The suspension of DeNaples' license allows the casino to continue operating but prohibits him for exerting control over it or profiting from it. With the order, which DeNaples can appeal, the state gaming board's executive director assumed oversight of the casino.
Contrary to DeNaples' claims, the grand jury found that the 67-year-old businessman had close relationships with William D'Elia, the reputed head of a Scranton-area organized crime family, and the late Pennsylvania organized crime boss Russell Bufalino.
Prosecutors said he also lied, during a background investigation, about his dealings with the late Ron White, a businessman at the center of a municipal corruption scandal in Philadelphia, and Shamsud-din Ali, who is imprisoned for using his political connections in Philadelphia to obtain dubious loans, donations and city contracts.
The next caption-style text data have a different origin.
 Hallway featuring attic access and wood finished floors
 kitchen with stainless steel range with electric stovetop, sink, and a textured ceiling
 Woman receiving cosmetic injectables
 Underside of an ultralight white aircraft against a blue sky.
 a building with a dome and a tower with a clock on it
"I'm confident that the questions were clear, and that there could be no misunderstanding as to whether or not Mr. DeNaples understood those and he answered falsely," Dauphin County District Attorney Ed Marsico said during a press conference. "There are serious ramifications and there should be."
DeNaples denied all the charges through a spokesman.
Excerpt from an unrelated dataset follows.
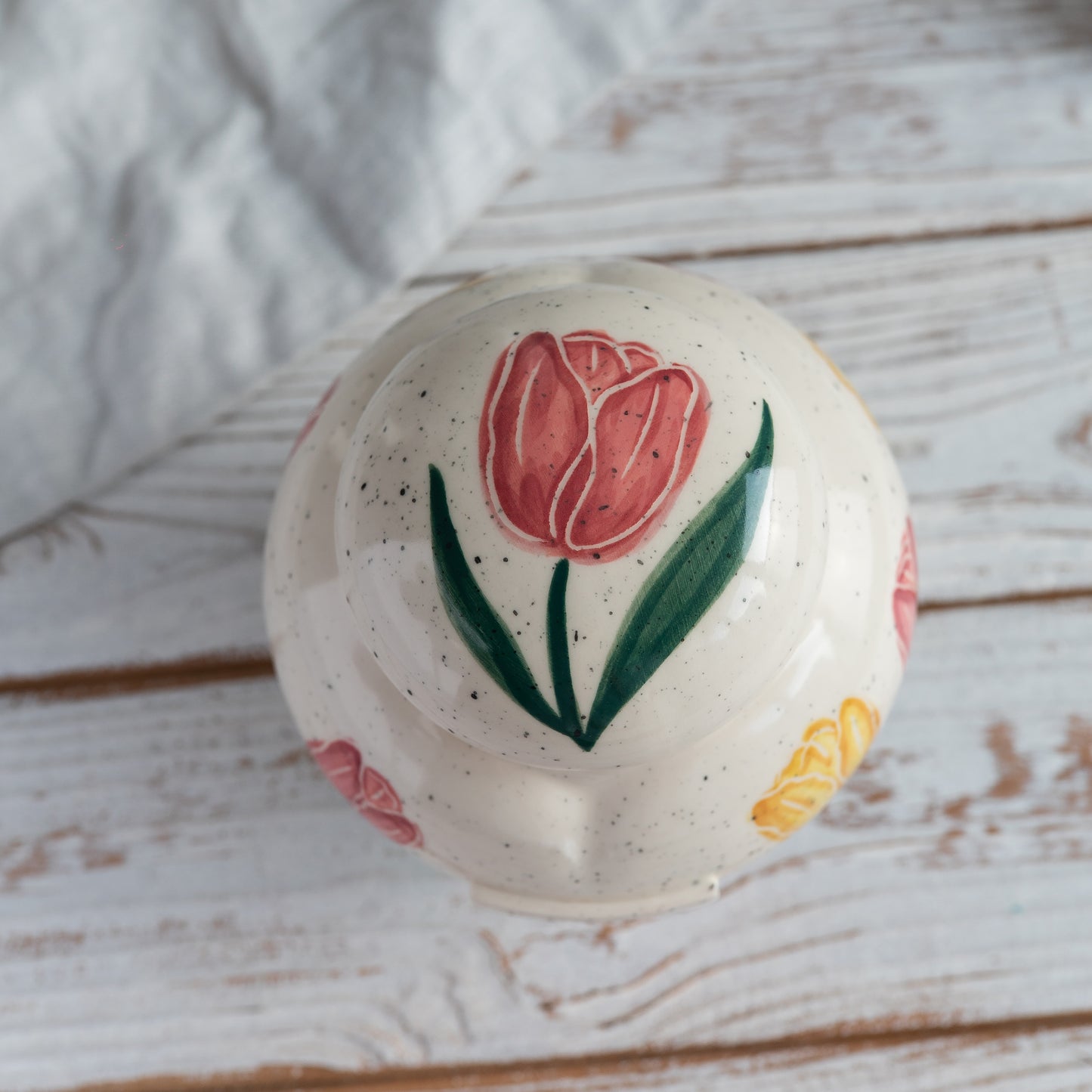 Top-down view of the closed heart-shaped sharing urn lid, featuring hand-painted pink and yellow tulips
"Anybody who knows Louis DeNaples knows that he tells the truth," said Kevin Feeley, the spokesman. "And he's eager to have the chance to show he did exactly that before the gaming board."
DeNaples is expected to turn himself in within a few days, prosecutors said.
The Pennsylvania Gaming Control Board awarded a license to DeNaples after an investigation that looked into whether he had any ties to organized crime or financial problems. In three months, the casino's slots have generated over $28 million in revenue.
Through Feeley, DeNaples has maintained that he has not had ties to organized crime. His lawyers have accused prosecutors of misusing the grand jury as a fishing expedition and a tool in a turf war over who should regulate the state's casinos.
Marsico denied that accusation. He said he had no ulterior motive or grudge against DeNaples.
More than two dozen witnesses, including D'Elia and former Philadelphia Mayor John F. Street, appeared before or gave testimony to the grand jury. D'Elia is in federal prison awaiting trial on charges of money laundering and conspiring to kill a prosecution witness. DeNaples did not testify before the grand jury.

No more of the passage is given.